クロス本体の素材がどんなものであっても、シリコンを含んでいればすべてシリコンクロスといえます。
シリコンを含んだクロスは磨く力が少し備わっていて、空拭きでも汚れを落としやすいのですが、細かい傷をつけやすい一面もあります。
そのため、きれいな艶を持っているギターやベースの場合、使っているうちにその艶が消え濁ったような見た目になってしまうことも。
その反対(艶消し加工してあったのにいつの間にかツヤツヤ)もまた然り。
このようなことが相次いだため、あまり人気がなく、最近は見かけることも少なくなりました。
フレットやブリッジ、ペグなどの金属パーツ表面が曇っていたらささっと拭く、それには良いのですが…
ギター・ベース用に限定してみれば、見た目は気にせず楽に手入れしたい時や、大量の楽器を手早く磨く必要がある時くらいにしか活躍の場が与えられていないように思います。
何度か洗濯するとシリコンが落ちてノンシリコンクロスと同じになるといわれていますが、それならばわざわざシリコン入りのクロスを買わなくてもよいでしょう。

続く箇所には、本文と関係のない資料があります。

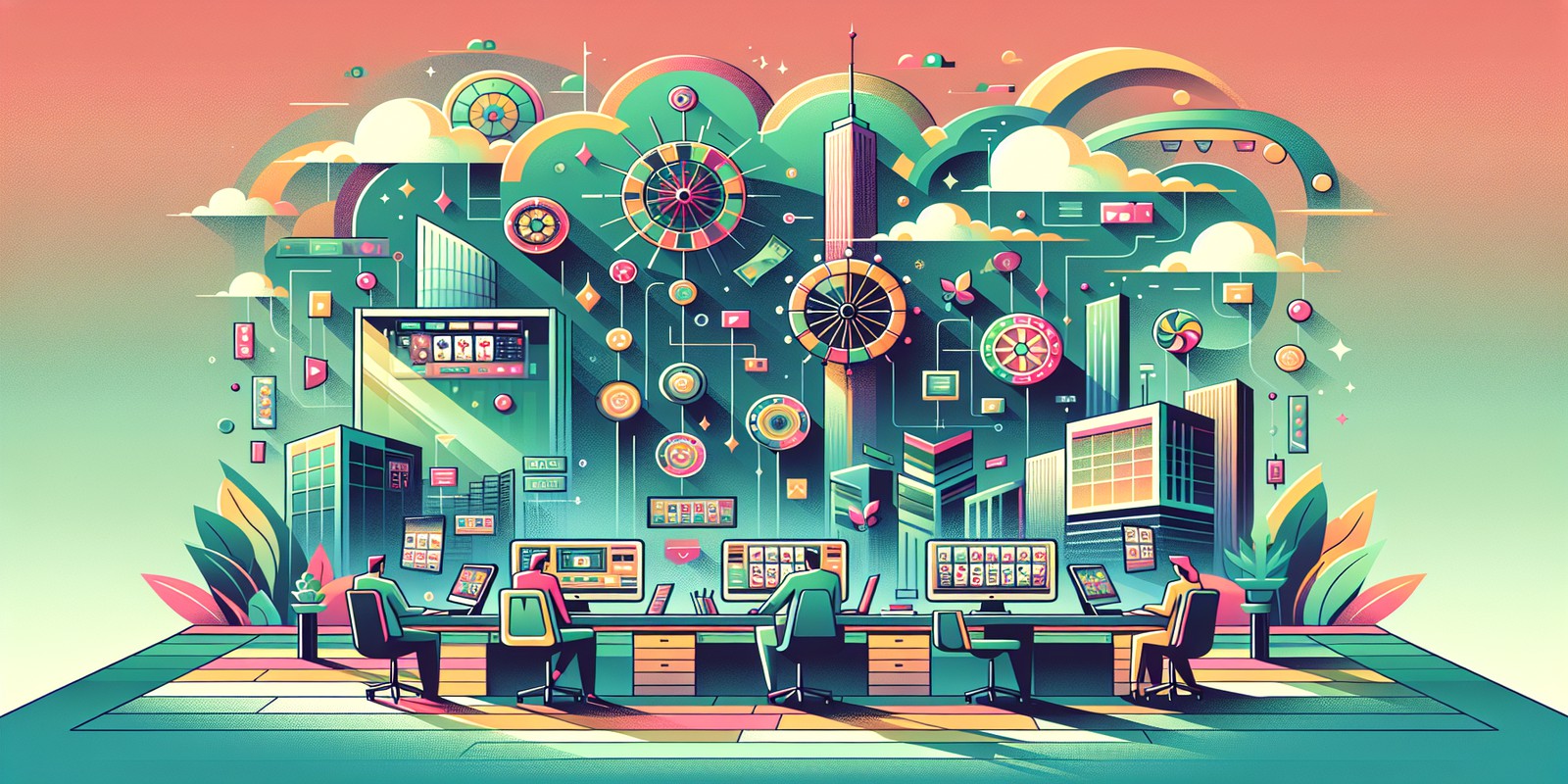 Discover the Best Slot Strategies for Success in 2025 - Slot Strategy Guide for pakistani | NETBET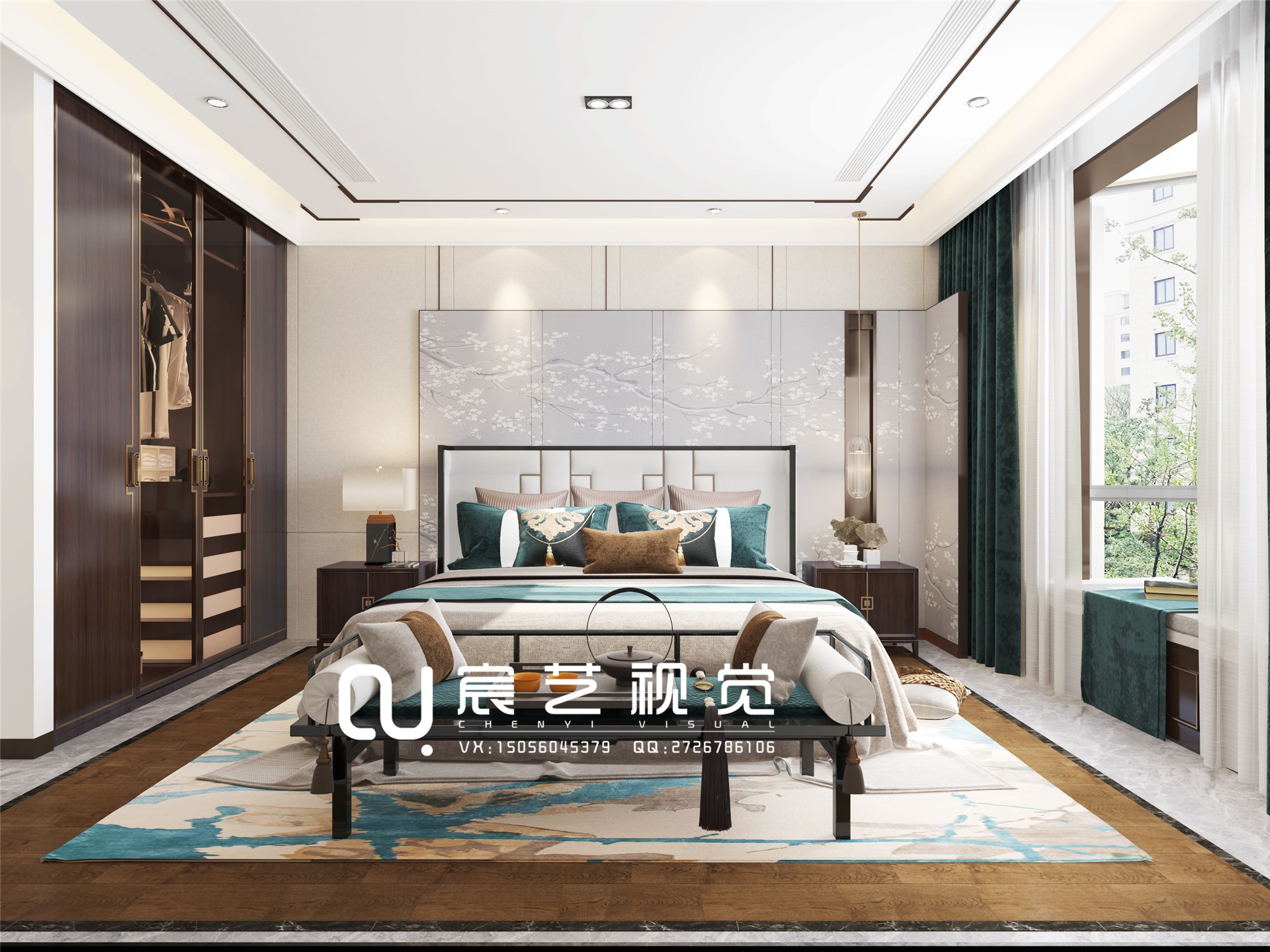 ����ʽ1 (3).jpg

最近めっきり見かけなくなりましたが、細かい傷がつく危険を考えれば避けるのが安全です。
まとめ
最後に、それぞれの素材のクロスの使い所や違いについて、簡単にまとめます。
- マイクロファイバークロスはいろんな用途で使える万能アイテム。どちらかといえば仕上げや空拭き用。
- コットンクロスはポリッシュやワックス、オイルなどを使うクリーニング用として用いるのが便利。
- キョンセーム革は空拭き専用で他よりも高価。加えて手入れに手間がかかるが、汚れはものすごくよく落ちる。
同じ素材でも、タオルっぽくしたりする(パイル生地)など、仕上がりによってその使い勝手も大きく変わります。
クロスはギター・ベースのクリーニングには欠かせないものなので、色々試してみてお気に入りのクロスを見つけてくださいね!